『台湾人の歌舞伎町――新宿、もうひとつの戦後史』(稲葉佳子/青池憲司・紀伊國屋書店)は、このRAAがかつて、大久保公園からほど近い、歌舞伎町を東西に抜ける『花道通り』(「西武新宿駅前通り」から「新宿区役所通り交差点」までの細い道路の俗称)を挟んだ真向かいにあったことも伝えている。
〈(歌舞伎町商店街振興組合・初代理事長の)藤森作次郎は、1947年6月、購入敷地に旅館を建てた。郷里の上諏訪から蔵の解体材を運び込み、組み立てたのである。
堅牢な柱、梁、床材で組まれた風雅な雰囲気を持つ蔵屋造りの旅館に、諏訪湖を一望できる高台にある菩提寺教念寺の藤森家墓所に咲く芙蓉の花に因んで『芙蓉館』と命名した。入り口近くにダンスホールを設け、25室の部屋数を有する芙蓉館は彼の思惑どおり、連日、進駐軍兵士と彼らを相手にする女性たちで賑わった。どのような伝で入手したのか定かではないが、1947年8月、進駐軍兵士の慰安所を提供する目的で設立されたRAA特殊施設部の認可証を武器にしていたのである。〉
戦後に新宿の復興の一翼を担った藤森は、職安通りと西武新宿駅前通りのぶつかる角地、現在『東急歌舞伎町タワー』(旧サウナ&カプセルホテル『グリーンプラザ新宿』)がある土地約200坪を優先的に、かつ廉価で分譲してもらった。つまりRAA『芙蓉館』は、大久保公園の目と鼻の先にあった。

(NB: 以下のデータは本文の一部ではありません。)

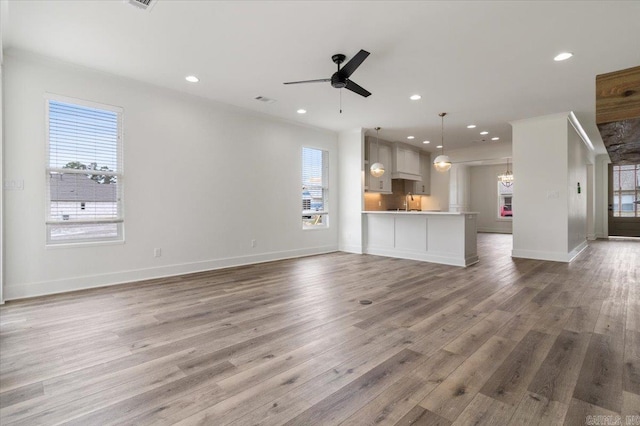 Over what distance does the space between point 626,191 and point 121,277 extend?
45.3 ft

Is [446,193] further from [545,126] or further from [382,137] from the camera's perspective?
[545,126]

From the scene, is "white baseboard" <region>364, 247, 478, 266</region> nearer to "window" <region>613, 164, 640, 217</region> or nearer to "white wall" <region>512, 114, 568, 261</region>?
"white wall" <region>512, 114, 568, 261</region>

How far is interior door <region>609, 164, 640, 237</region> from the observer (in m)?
9.77

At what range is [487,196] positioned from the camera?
1245 cm

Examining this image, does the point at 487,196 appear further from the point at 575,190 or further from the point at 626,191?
the point at 575,190

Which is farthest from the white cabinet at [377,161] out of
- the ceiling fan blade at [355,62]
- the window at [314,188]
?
the ceiling fan blade at [355,62]

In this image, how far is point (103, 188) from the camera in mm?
4332

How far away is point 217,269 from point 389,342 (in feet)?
12.2

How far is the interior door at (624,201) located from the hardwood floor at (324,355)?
8068mm

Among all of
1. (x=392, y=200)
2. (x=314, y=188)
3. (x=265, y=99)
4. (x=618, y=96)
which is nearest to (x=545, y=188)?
(x=392, y=200)

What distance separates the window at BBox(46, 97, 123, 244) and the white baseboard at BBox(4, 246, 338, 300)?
0.52m

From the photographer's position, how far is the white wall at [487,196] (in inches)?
478

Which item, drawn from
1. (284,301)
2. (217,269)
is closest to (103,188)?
(217,269)

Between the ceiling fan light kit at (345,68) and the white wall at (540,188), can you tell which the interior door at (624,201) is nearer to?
the white wall at (540,188) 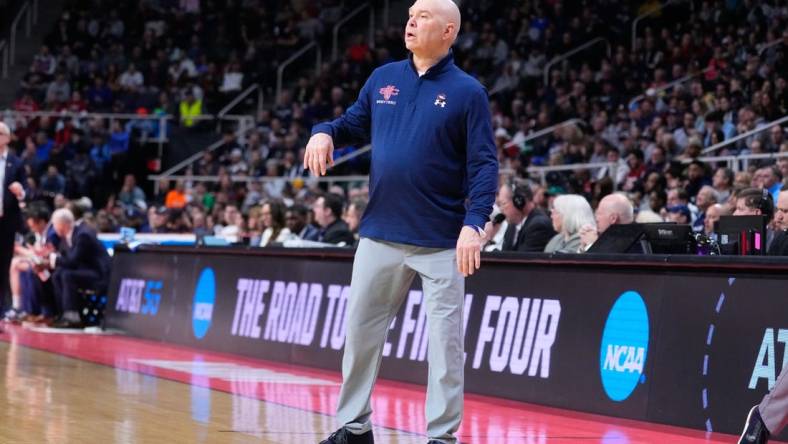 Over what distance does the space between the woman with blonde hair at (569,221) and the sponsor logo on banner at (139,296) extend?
216 inches

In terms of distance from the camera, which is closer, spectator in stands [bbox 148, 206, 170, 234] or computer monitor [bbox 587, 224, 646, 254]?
computer monitor [bbox 587, 224, 646, 254]

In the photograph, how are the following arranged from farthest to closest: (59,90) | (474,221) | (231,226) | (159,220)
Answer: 1. (59,90)
2. (159,220)
3. (231,226)
4. (474,221)

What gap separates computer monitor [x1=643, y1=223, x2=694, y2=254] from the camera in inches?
372

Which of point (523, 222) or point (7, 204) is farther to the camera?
point (7, 204)

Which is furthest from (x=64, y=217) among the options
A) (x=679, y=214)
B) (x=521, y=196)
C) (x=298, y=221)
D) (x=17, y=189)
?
(x=679, y=214)

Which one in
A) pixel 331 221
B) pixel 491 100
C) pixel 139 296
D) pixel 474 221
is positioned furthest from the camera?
pixel 491 100

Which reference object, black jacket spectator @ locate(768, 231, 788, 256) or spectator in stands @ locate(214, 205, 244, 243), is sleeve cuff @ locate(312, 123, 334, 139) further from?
spectator in stands @ locate(214, 205, 244, 243)

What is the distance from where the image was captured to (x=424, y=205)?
6.10 meters

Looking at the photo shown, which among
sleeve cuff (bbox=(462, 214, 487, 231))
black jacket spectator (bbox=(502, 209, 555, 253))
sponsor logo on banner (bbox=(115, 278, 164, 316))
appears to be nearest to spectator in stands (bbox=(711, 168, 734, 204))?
black jacket spectator (bbox=(502, 209, 555, 253))

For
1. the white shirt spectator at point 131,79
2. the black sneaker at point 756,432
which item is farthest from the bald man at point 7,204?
the white shirt spectator at point 131,79

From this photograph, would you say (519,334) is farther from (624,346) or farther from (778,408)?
(778,408)

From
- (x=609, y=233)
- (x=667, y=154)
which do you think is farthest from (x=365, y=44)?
(x=609, y=233)

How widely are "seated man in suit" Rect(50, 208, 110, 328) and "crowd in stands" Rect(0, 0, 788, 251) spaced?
164cm

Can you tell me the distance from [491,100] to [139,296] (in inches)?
387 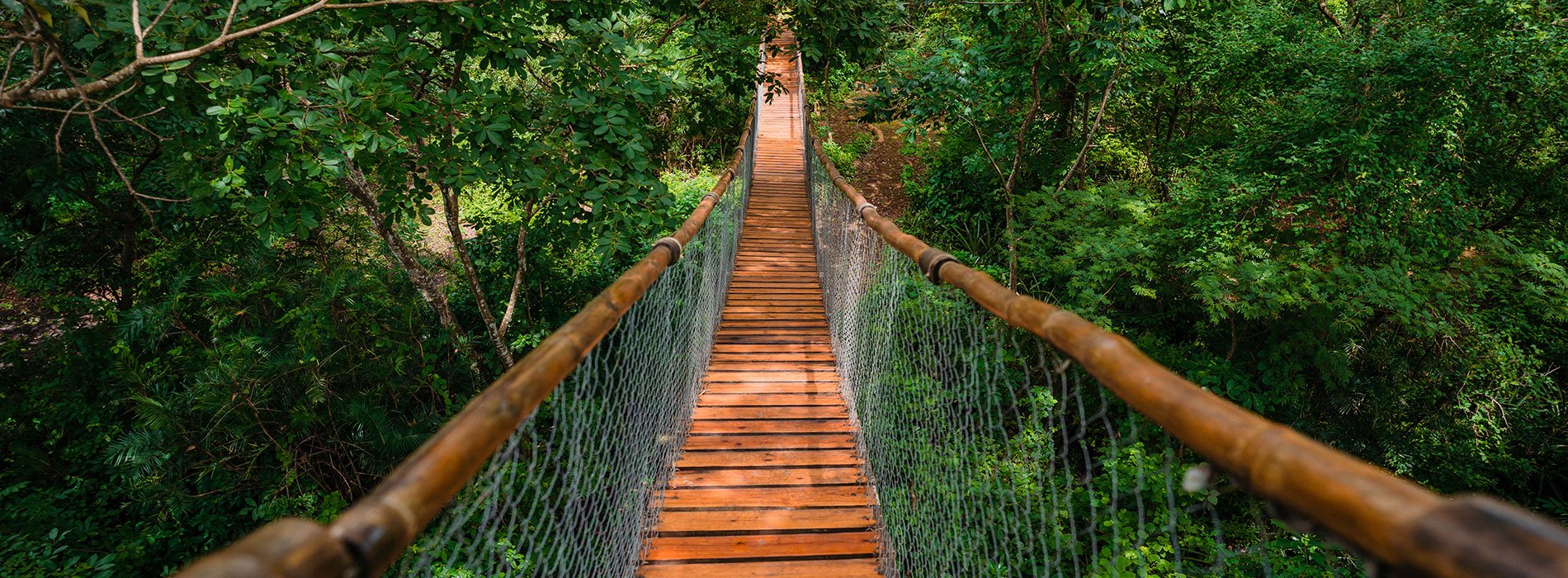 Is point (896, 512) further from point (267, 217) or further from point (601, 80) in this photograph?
point (267, 217)

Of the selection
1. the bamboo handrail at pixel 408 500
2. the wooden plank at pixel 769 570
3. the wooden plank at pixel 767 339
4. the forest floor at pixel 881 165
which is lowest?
the wooden plank at pixel 767 339

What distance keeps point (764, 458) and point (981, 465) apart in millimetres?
870

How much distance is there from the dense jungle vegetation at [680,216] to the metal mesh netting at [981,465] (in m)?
1.01

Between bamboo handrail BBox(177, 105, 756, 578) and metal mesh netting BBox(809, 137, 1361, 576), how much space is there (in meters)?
0.70

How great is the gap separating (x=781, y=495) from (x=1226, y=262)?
331cm

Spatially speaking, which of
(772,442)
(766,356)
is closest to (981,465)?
(772,442)

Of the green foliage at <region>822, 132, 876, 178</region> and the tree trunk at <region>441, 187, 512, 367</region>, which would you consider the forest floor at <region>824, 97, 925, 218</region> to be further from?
the tree trunk at <region>441, 187, 512, 367</region>

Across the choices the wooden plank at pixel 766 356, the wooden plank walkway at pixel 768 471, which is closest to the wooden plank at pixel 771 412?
the wooden plank walkway at pixel 768 471

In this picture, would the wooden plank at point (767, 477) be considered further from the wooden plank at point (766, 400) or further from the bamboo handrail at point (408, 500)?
the bamboo handrail at point (408, 500)

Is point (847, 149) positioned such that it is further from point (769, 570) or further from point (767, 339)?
point (769, 570)

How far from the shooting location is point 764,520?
2066mm

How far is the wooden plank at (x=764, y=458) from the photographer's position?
2.37m

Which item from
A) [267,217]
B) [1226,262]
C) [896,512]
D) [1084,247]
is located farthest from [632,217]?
[1226,262]

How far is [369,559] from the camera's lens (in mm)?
528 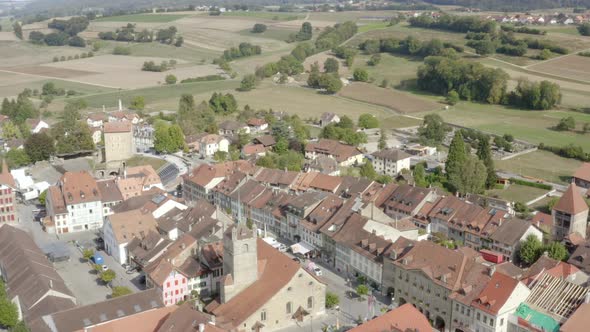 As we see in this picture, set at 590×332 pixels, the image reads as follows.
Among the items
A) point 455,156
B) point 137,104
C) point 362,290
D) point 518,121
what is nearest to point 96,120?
point 137,104

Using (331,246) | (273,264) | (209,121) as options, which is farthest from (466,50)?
(273,264)

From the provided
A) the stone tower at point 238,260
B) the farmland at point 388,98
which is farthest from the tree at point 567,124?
the stone tower at point 238,260

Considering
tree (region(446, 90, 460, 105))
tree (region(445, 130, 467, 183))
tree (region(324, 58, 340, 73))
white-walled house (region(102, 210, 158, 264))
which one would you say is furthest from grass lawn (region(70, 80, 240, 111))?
white-walled house (region(102, 210, 158, 264))

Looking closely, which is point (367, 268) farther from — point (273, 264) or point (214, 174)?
point (214, 174)

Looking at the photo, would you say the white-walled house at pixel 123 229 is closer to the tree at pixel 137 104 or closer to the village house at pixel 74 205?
the village house at pixel 74 205

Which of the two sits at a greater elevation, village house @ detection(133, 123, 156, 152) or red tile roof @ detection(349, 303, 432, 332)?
red tile roof @ detection(349, 303, 432, 332)

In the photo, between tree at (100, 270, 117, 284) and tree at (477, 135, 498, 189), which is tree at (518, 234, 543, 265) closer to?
tree at (477, 135, 498, 189) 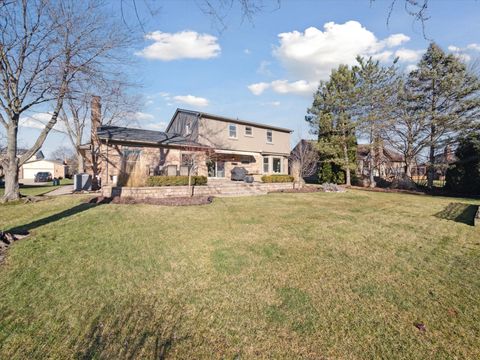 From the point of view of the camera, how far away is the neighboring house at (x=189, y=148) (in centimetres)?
1514

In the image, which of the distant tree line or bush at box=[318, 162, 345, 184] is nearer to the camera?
the distant tree line

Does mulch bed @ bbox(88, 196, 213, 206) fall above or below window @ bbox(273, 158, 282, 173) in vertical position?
below

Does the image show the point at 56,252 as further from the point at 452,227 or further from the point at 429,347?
the point at 452,227

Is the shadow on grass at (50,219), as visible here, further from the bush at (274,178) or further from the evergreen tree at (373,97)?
the evergreen tree at (373,97)

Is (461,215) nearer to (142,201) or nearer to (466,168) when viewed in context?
(466,168)

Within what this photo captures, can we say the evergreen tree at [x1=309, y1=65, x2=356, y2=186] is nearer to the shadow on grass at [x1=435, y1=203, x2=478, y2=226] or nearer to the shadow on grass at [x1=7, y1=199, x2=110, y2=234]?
the shadow on grass at [x1=435, y1=203, x2=478, y2=226]

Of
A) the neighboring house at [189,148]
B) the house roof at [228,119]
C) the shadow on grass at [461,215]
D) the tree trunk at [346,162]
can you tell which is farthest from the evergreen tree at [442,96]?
the neighboring house at [189,148]

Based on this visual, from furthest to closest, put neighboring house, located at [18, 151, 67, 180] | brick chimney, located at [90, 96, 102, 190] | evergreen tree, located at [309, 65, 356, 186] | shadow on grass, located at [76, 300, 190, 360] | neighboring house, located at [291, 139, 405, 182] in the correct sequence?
neighboring house, located at [18, 151, 67, 180], neighboring house, located at [291, 139, 405, 182], evergreen tree, located at [309, 65, 356, 186], brick chimney, located at [90, 96, 102, 190], shadow on grass, located at [76, 300, 190, 360]

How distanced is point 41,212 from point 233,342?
26.9 feet

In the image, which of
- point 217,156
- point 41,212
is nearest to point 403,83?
point 217,156

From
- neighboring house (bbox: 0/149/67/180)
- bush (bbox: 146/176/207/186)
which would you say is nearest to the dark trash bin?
bush (bbox: 146/176/207/186)

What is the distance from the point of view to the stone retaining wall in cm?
1076

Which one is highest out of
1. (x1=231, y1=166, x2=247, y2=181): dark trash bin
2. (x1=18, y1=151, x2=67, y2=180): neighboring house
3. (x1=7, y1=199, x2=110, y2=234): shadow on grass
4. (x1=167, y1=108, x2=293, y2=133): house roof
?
(x1=167, y1=108, x2=293, y2=133): house roof

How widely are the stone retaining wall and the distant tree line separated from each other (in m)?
9.37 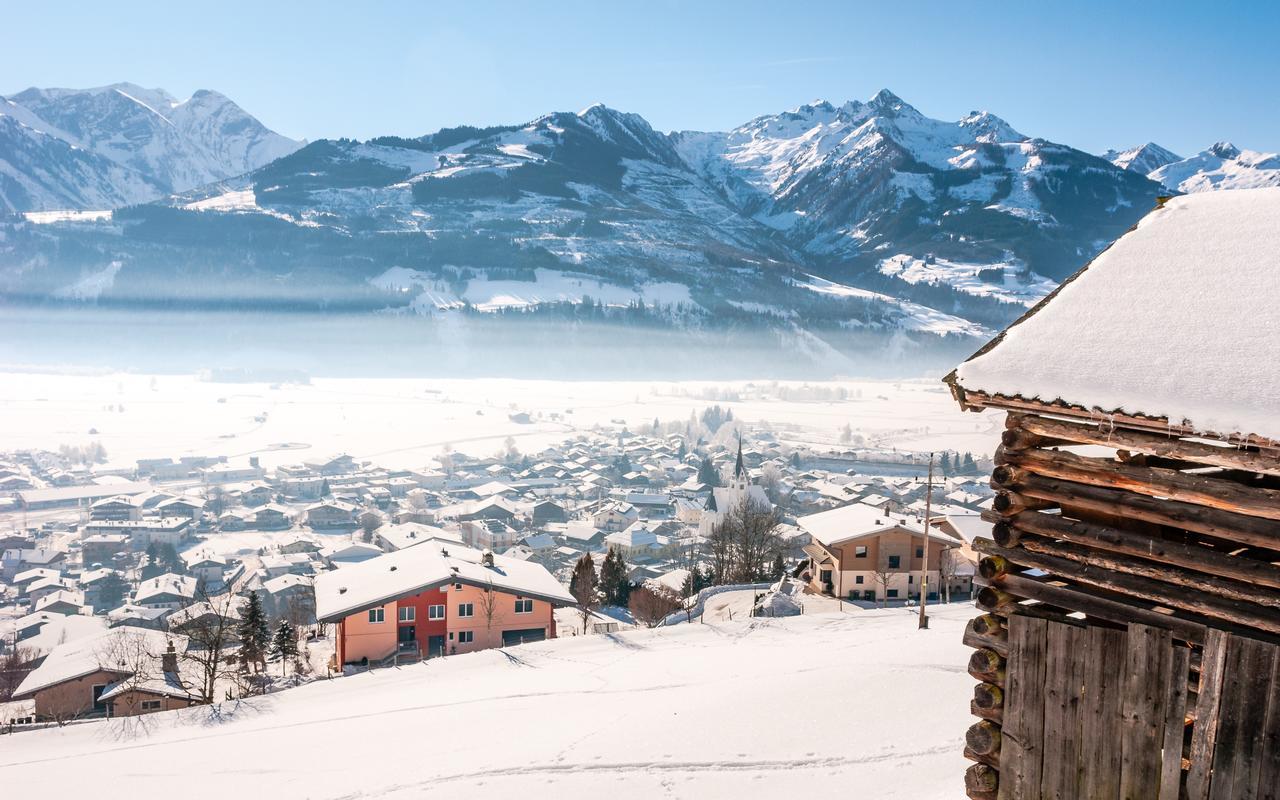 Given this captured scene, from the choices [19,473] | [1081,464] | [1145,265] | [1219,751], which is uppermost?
[1145,265]

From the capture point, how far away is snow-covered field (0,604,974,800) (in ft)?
50.3

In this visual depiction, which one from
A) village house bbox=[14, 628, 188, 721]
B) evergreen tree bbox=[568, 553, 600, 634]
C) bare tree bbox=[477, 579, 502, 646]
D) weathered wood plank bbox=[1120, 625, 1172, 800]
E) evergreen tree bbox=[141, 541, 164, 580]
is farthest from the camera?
evergreen tree bbox=[141, 541, 164, 580]

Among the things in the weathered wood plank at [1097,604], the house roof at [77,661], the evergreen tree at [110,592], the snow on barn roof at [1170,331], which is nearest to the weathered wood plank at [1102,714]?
the weathered wood plank at [1097,604]

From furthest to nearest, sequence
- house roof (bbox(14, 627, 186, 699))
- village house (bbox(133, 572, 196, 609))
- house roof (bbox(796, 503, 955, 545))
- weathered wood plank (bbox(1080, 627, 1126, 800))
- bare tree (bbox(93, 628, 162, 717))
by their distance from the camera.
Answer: village house (bbox(133, 572, 196, 609)), house roof (bbox(796, 503, 955, 545)), house roof (bbox(14, 627, 186, 699)), bare tree (bbox(93, 628, 162, 717)), weathered wood plank (bbox(1080, 627, 1126, 800))

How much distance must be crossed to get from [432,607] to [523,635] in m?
5.20

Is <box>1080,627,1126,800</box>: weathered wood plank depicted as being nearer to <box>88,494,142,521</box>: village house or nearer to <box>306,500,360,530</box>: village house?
<box>306,500,360,530</box>: village house

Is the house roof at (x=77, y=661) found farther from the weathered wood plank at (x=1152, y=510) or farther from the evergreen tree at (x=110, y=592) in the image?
the weathered wood plank at (x=1152, y=510)

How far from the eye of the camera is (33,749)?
24.6 meters

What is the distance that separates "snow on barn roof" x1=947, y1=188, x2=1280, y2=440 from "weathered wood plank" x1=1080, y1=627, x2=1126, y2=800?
7.50 feet

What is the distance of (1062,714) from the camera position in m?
7.69

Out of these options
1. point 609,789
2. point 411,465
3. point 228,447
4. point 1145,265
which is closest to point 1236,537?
point 1145,265

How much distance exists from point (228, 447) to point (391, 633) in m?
151

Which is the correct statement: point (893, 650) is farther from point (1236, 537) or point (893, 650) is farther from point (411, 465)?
point (411, 465)

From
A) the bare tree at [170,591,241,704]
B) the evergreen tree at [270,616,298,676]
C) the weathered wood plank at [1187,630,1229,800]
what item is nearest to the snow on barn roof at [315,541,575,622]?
the evergreen tree at [270,616,298,676] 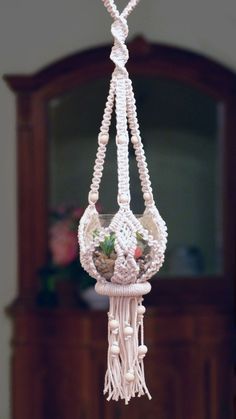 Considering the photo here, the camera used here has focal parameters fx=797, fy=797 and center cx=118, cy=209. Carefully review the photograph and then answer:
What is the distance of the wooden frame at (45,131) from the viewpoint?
1957mm

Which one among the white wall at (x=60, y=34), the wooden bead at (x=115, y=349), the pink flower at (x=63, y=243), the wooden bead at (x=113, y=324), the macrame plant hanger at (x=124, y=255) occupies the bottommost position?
the wooden bead at (x=115, y=349)

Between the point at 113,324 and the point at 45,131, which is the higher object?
the point at 45,131

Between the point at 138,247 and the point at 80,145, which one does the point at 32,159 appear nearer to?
the point at 80,145

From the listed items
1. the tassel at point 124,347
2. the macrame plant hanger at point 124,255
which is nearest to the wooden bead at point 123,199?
the macrame plant hanger at point 124,255

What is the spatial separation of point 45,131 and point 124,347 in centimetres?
104

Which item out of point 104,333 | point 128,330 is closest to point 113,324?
point 128,330

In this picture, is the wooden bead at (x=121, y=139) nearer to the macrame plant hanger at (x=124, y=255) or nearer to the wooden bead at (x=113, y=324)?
the macrame plant hanger at (x=124, y=255)

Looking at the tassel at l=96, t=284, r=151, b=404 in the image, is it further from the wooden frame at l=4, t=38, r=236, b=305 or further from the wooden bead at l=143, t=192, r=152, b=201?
the wooden frame at l=4, t=38, r=236, b=305

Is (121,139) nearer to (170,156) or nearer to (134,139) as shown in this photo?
(134,139)

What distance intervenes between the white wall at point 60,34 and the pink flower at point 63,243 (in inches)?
4.2

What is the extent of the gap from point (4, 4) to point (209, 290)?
863 millimetres

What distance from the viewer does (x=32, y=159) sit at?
197 centimetres

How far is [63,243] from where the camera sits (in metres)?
→ 1.94

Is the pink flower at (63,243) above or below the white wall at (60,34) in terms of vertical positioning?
below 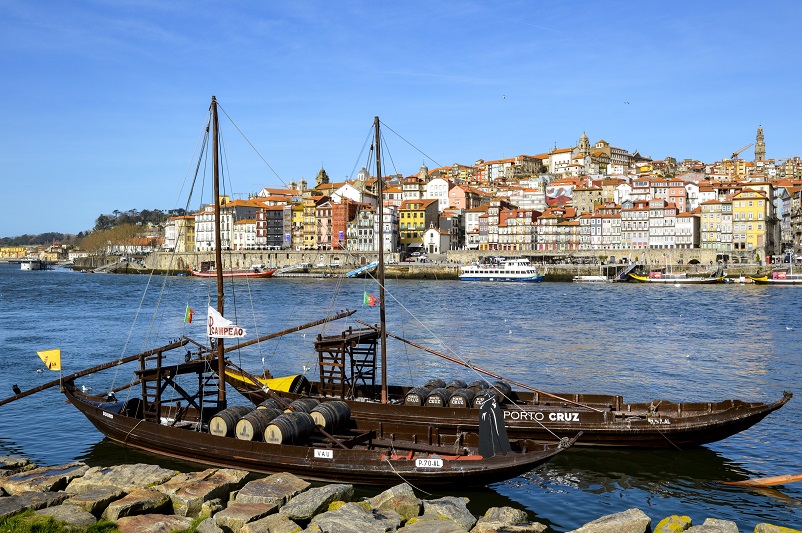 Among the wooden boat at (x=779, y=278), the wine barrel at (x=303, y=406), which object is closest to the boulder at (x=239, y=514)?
the wine barrel at (x=303, y=406)

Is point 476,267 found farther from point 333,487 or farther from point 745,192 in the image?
point 333,487

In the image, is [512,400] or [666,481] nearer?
[666,481]

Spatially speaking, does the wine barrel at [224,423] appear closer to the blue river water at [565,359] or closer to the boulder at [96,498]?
the blue river water at [565,359]

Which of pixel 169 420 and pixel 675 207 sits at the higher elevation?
pixel 675 207

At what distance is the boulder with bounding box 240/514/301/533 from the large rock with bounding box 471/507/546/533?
3.20 metres

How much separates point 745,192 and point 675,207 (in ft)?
36.6

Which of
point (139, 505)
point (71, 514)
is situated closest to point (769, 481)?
point (139, 505)

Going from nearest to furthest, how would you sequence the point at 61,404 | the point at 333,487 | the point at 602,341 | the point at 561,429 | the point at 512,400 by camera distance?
the point at 333,487 → the point at 561,429 → the point at 512,400 → the point at 61,404 → the point at 602,341

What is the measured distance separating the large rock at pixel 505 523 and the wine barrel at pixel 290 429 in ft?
17.7

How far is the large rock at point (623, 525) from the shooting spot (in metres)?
13.8

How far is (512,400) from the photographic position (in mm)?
23000

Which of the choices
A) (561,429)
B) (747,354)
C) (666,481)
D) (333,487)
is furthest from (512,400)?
(747,354)

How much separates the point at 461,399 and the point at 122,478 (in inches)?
360

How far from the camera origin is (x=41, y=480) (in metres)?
16.2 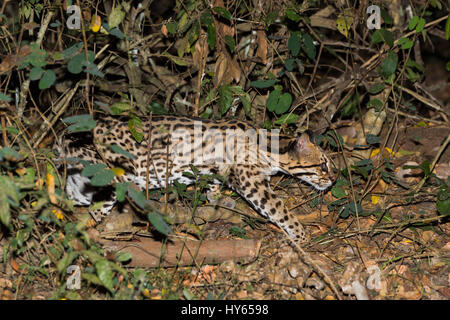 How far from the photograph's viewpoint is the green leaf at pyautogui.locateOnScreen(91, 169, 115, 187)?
3.56 m

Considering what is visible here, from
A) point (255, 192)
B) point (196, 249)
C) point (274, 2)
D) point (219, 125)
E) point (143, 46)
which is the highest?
point (274, 2)

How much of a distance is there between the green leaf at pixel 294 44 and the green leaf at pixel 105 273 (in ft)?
9.96

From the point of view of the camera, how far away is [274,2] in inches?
222

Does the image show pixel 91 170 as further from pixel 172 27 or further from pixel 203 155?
pixel 172 27

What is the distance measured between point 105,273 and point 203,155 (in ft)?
6.83

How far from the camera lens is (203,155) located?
528 cm

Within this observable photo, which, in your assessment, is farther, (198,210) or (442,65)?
(442,65)

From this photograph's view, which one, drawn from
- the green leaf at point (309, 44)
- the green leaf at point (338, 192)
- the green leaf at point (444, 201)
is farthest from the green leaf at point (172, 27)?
the green leaf at point (444, 201)

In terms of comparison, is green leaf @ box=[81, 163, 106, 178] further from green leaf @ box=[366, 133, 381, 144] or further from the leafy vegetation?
green leaf @ box=[366, 133, 381, 144]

売春で生きることを覚えた女性が元の生活に戻れないことも
ここに、もう1つの事実が加わる。RAAは進駐軍向けの売春窟であると同時に、比較的裕福な米軍将校が現地妻(愛人)を探す場所でもあった。当時の日本は敗戦国であり、カネも力も持った米兵の愛人になることで、安定した生活を手に入れたいと考える女性も多かった。いまで言う「太い」「定期」の客である。
しかし進駐軍の将校と愛人契約を結んだところで、相手は遠くない将来、母国へ帰ることになる。そのとき、日本に残された愛人はどうなるか。売春によって生きることを覚えた女性が元の生活に簡単に戻れないのは、いまも昔も変わりない。
横浜には70歳を超えても白塗りの厚化粧にフリルのついた純白のドレスで街に立ち、“ヨコハマメリー”と呼ばれた伝説の街娼がいたが、彼女も戦後、関西の慰安所で働いていた。その慰安所は元は料亭だったが、進駐軍相手の商売に切り替えていたのだ。